Spring Sale Limited Time 75% Discount Offer - Ends in 0d 00h 00m 00s - Coupon code = simple75
Pass the Google Cloud Certified Professional-Data-Engineer Questions and answers with Dumpstech
You are designing a pipeline that publishes application events to a Pub/Sub topic. You need to aggregate events across hourly intervals before loading the results to BigQuery for analysis. Your solution must be scalable so it can process and load large volumes of events to BigQuery. What should you do?

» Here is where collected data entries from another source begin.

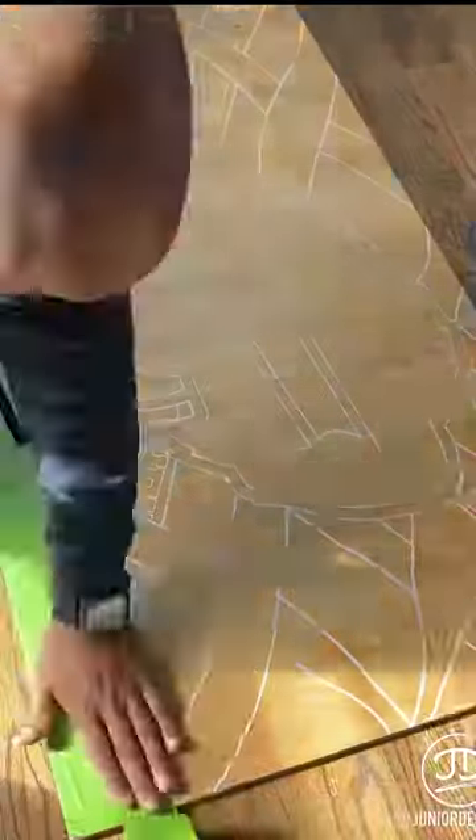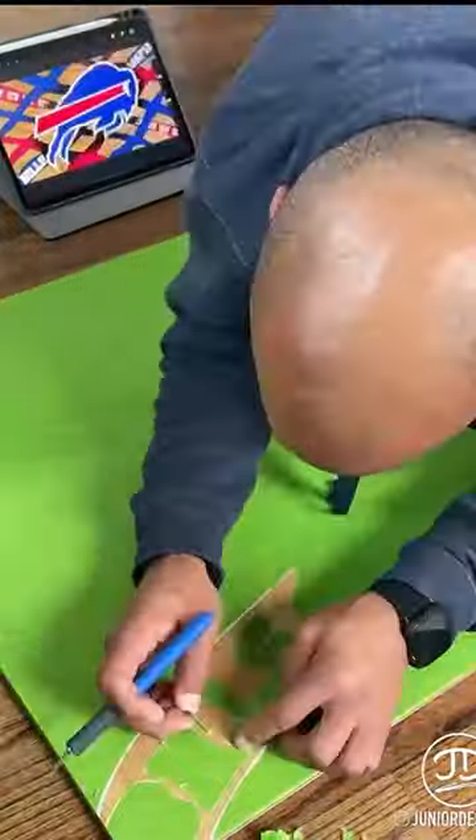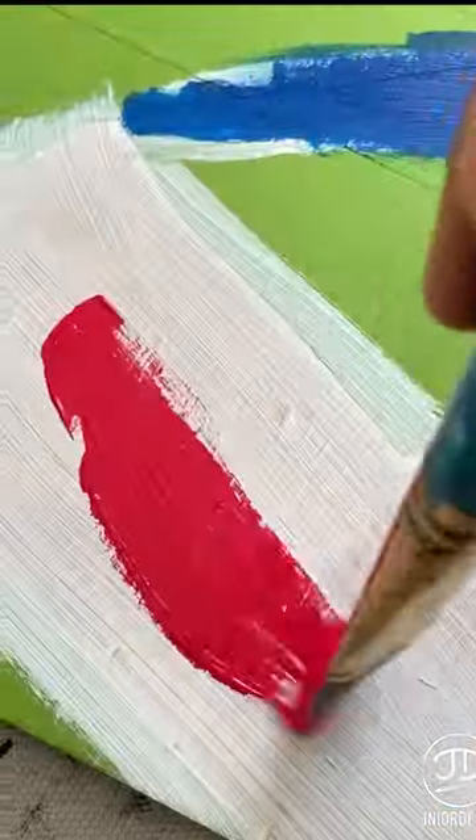Stay with me as I show you how I painted this. Get your design, get your tape, cut everything out, making sure that you stay within the lines when you paint. You want to avoid a messy canvas.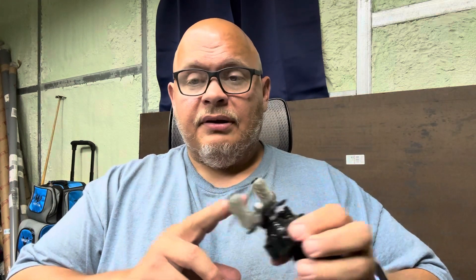I've modified this reel with a GoMexus handle and GoMexus knobs. It's an awesome reel. I want to give it to one of you guys, and it's going to come with a Marvelous Ultralight rod.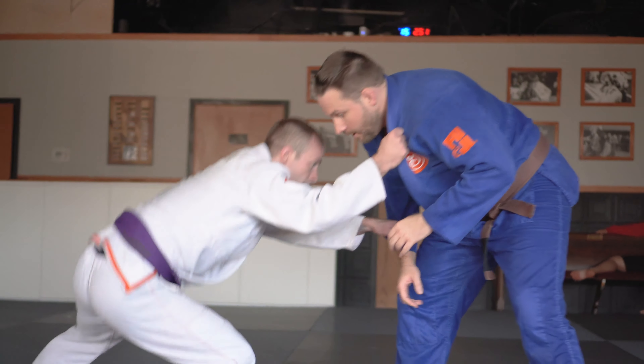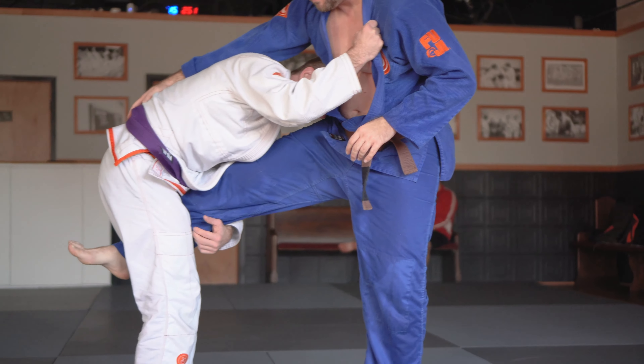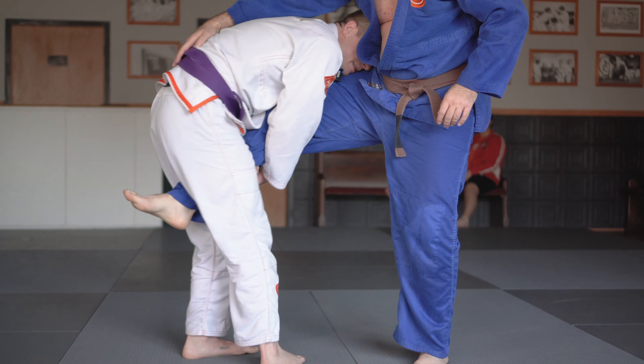Collar sleeve grip, driving and making the leg light, pull it up, pinch between the legs, controlling down by the ankle, putting a lot of weight from my shoulder into Rob's thigh and stepping around.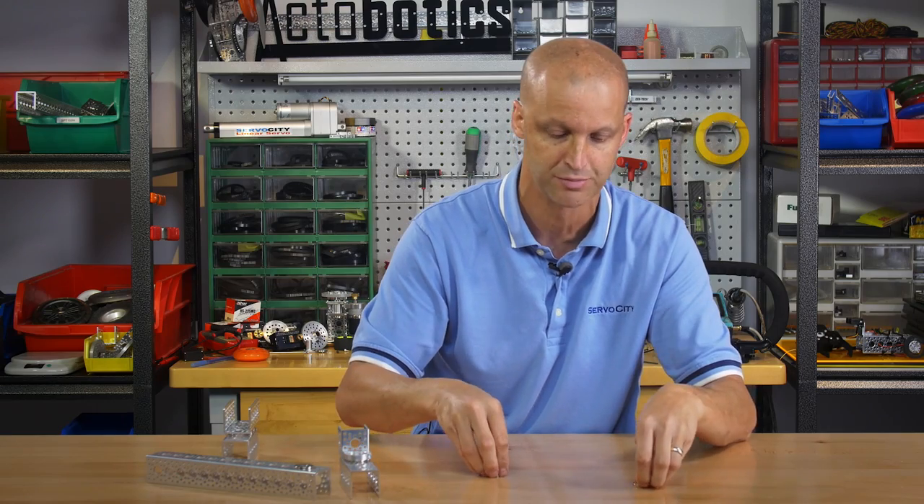Be sure to check out our website for those — they're really neat. You can build some cool activotic components and snap them together with magnets. If you've enjoyed this video go ahead and hit the like button, and don't forget to subscribe for future new product videos. Take care, we'll see you again.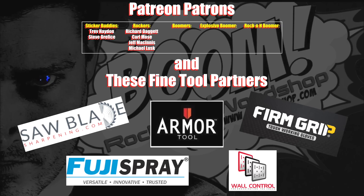A huge shout out to my patrons, Trev, Steve, Richard, Carl, Jeff, and my new supporter Michael. As well as my fine tool partners, SawBladeSharpening.com, Armor Tool, Firm Grip, Fuji Spray, and Wall Control. Couldn't do it without you guys. Thanks a lot.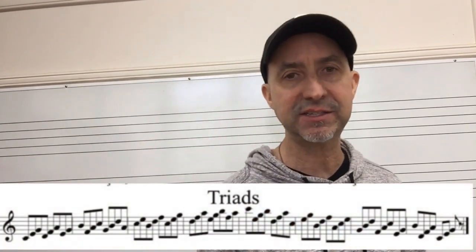Another fun way to practice these is an eighth note triplet group, but all in eighth notes rather than triplets. I'll have an example right here — let's take a look at that one.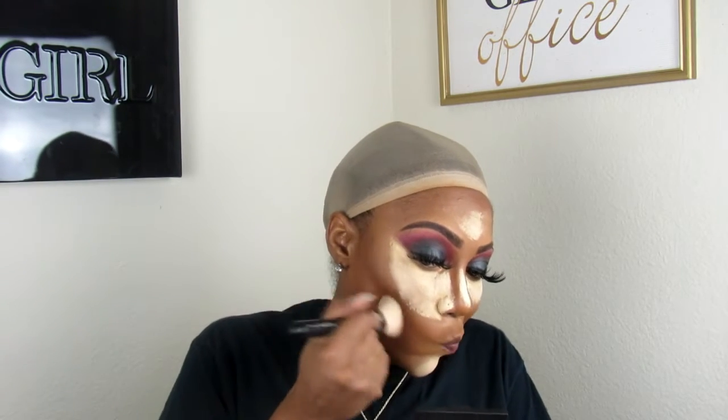I'm going to go in with my Morphe M523 brush to contour. Get your mirror and contour — you want to use kind of like circular motions. If you hold your mouth to the side, you can get a really good angle on how you're supposed to blend that contour into your skin. Don't forget the bit down here at the bottom too, because you want to make sure that everything matches.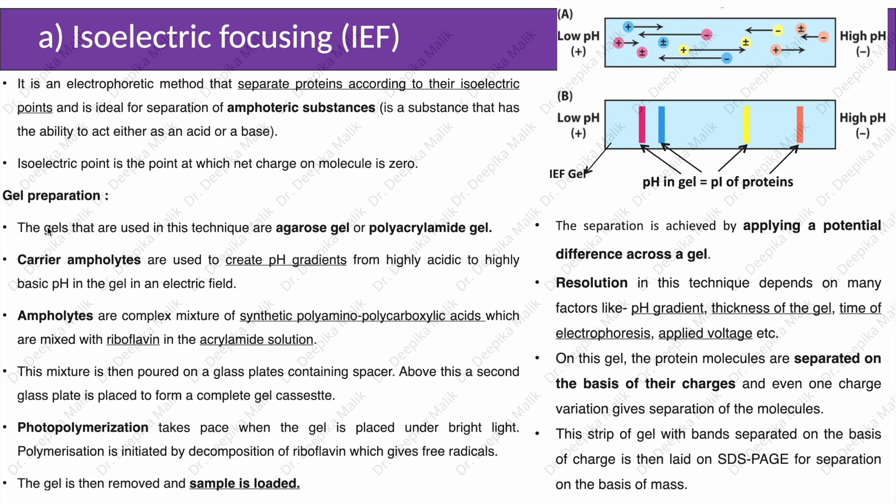For gel preparation, the gels used in this technique are agarose gel or polyacrylamide gel. Carrier ampholytes are used to create pH gradients from highly acidic to highly basic pH in the gel in an electric field. Ampholytes are complex mixtures of synthetic polyamino-polycarboxylic acids, which are mixed with riboflavin in the acrylamide solution. This mixture is then poured on a glass plate containing a spacer, and a second glass plate is used to form a complete gel cassette. Photopolymerization takes place when the gel is placed under bright light, initiated by decomposition of riboflavin which gives free radicals.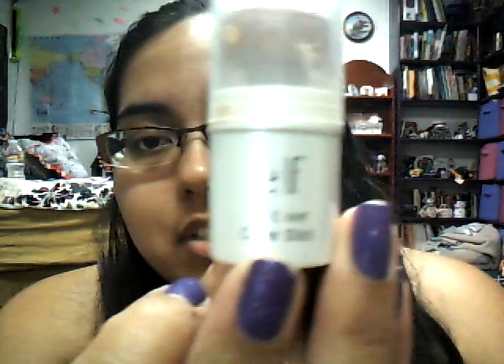Hey guys, thank you for tuning into my channel. This is Rayers, and today I'm going to be talking about the Elf All Over Cover Stick.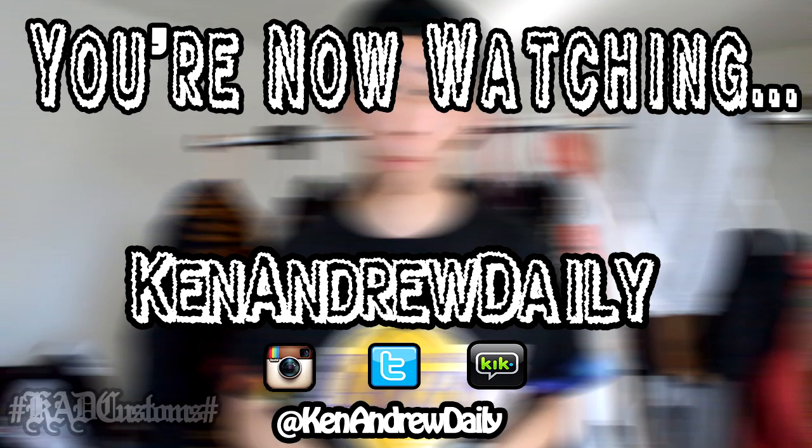Hey, but that cup though. What's going on everybody, YouTube Kenanyu Daily here, and today I'm going to be showing you guys how to put custom cuffs on your t-shirt sleeves.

You orchestrate ETL pipelines by using Cloud Composer One of the tasks in the Apache Airflow directed acyclic graph (DAG) relies on a third-party service. You want to be notified when the task does not succeed. What should you do?
You recently deployed several data processing jobs into your Cloud Composer 2 environment. You notice that some tasks are failing in Apache Airflow. On the monitoring dashboard, you see an increase in the total workers’ memory usage, and there were worker pod evictions. You need to resolve these errors. What should you do?
Choose 2 answers
You are implementing several batch jobs that must be executed on a schedule. These jobs have many interdependent steps that must be executed in a specific order. Portions of the jobs involve executing shell scripts, running Hadoop jobs, and running queries in BigQuery. The jobs are expected to run for many minutes up to several hours. If the steps fail, they must be retried a fixed number of times. Which service should you use to manage the execution of these jobs?
You want to create a machine learning model using BigQuery ML and create an endpoint foe hosting the model using Vertex Al. This will enable the processing of continuous streaming data in near-real time from multiple vendors. The data may contain invalid values. What should you do?
You need to choose a database to store time series CPU and memory usage for millions of computers. You need to store this data in one-second interval samples. Analysts will be performing real-time, ad hoc analytics against the database. You want to avoid being charged for every query executed and ensure that the schema design will allow for future growth of the dataset. Which database and data model should you choose?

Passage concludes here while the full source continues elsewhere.